Business | Economy

Rates cut validated as inflation stays near five-month low in India

India's inflation held near a five-month low, validating the central bank's decision to reduce interest rates to bolster economic growth.

  • Bloomberg
  • Published: 23:22 November 6, 2008
  • Gulf News

New Delhi: India's inflation held near a five-month low, validating the central bank's decision to reduce interest rates to bolster economic growth.

Wholesale prices rose 10.72 per cent in the week to October 25 from a year earlier after gaining 10.68 per cent in the previous week, the commerce ministry said in a statement in New Delhi yesterday.
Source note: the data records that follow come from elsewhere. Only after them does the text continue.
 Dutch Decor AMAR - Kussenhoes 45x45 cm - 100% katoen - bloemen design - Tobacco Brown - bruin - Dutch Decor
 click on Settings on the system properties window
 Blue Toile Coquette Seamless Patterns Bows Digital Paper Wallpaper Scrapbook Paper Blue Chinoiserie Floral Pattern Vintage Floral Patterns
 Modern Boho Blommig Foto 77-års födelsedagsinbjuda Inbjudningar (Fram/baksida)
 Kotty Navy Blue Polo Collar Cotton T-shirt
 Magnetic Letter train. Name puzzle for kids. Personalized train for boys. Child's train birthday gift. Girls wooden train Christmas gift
Economists had expected a 10.49 per cent increase.

The Reserve Bank of India unexpectedly cut its benchmark rate on November 1 for the second time in two weeks, joining policymakers across Asia in lowering borrowing costs to shield their economies from the global financial crisis.

Governor Duvvuri Subbarao may reduce interest rates further as declining fuel and food costs ease price pressures, econ-omists said.
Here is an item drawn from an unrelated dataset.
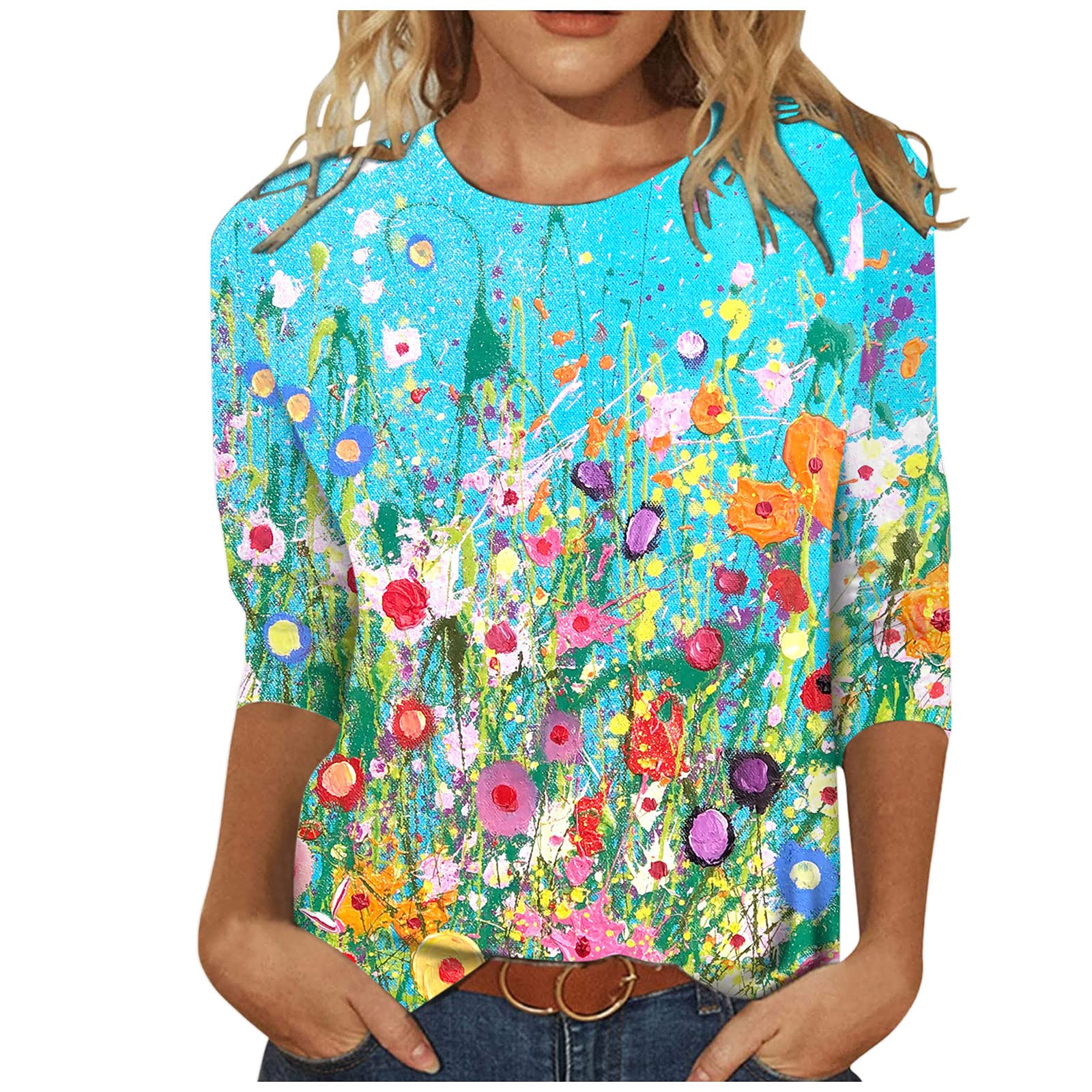 Floral Printed 3/4 Sleeve T-Shirt for Women - Casual Summer Blouse for Outings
"The Reserve Bank's policy signals inflation is no longer a concern and the focus has shifted to lifting the economy," said Dharmakirti Joshi, an economist at Mumbai-based Crisil Ltd., the local unit of Standard & Poor's. Declines in energy and commodity prices will further slow inflation to between 5.5 per cent and 6 per cent by March 2009, he said.

For the first time since 1997, India's central bank on November 1 deployed all three of its main tools to shore up growth after inter-bank lending rates climbed to as much as 21 per cent. That's improved liquidity in the financial system, with overnight call rates falling to 6.25 per cent today.

Curbing exports

Bonds pared gains after the release of the inflation data. The yield on the benchmark 8.24 per cent note due April 2018 rose to 7.72 per cent from 7.70 per cent at 3.11pm in Mumbai, according to the central bank's trading system.
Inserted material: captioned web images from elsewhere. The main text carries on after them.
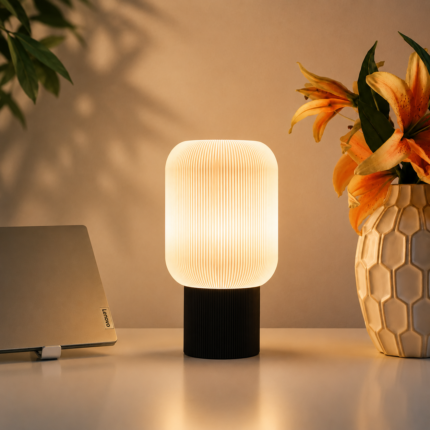 Modern Warm White Ribbed Table Lamp for Bedroom, Living Room & Office Desk | Minimalist Ambient Night Light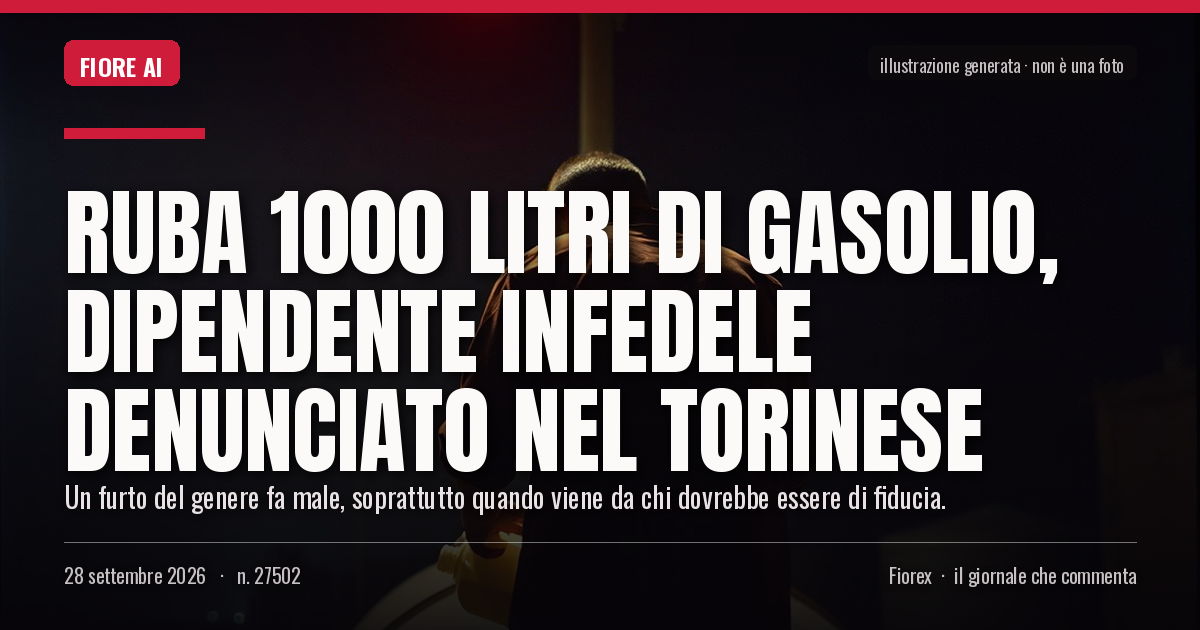 Illustrazione generata per il pezzo: Ruba 1000 litri di gasolio, dipendente infedele denunciato nel Torinese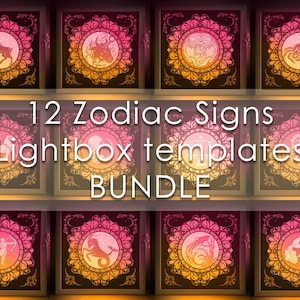 12 Sternzeichen Bundle Schattenbox SVG-Vorlage, astrologische Zeichenmuster Papierschnitt Lightbox Cricut SVG, 3D-Schicht Papierschnitt Lightbox Papercraft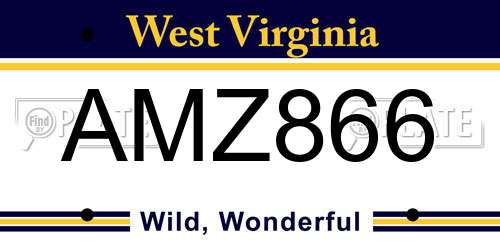 AMZ866 West Virginia License Plate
The global financial crisis is curbing exports and output across Asia, prompting central banks to cut interest rates. Australia reduced its key rate by three quarters of a percentage point to 5.25 per cent on November 4. China lowered its one-year lending rate to 6.66 per cent from 6.93 per cent on October 29.

"We are able to act more boldly because our efforts to contain inflation have begun to be effective," Prime Minister Manmohan Singh said November 3. "Movements in the wholesale-price index over the past six weeks suggest a definite abatement of inflationary process."

India's central bank on October 24 reduced its growth forecast to as low as 7.5 per cent from 8 per cent in the year to March 31, the slowest pace of expansion in four years.

"The financial crisis has exacerbated a global downturn that was expected earlier but is now likely to be more severe and prolonged," Singh told a meeting of businessmen in New Delhi on November 3.

"A crisis of this magnitude was bound to affect our economy and it has."

The worldwide credit crunch is prompting investors to sell Indian assets, resulting in record net sales of local equities by global funds of $12.5 billion (Dh45.9 billion) this year.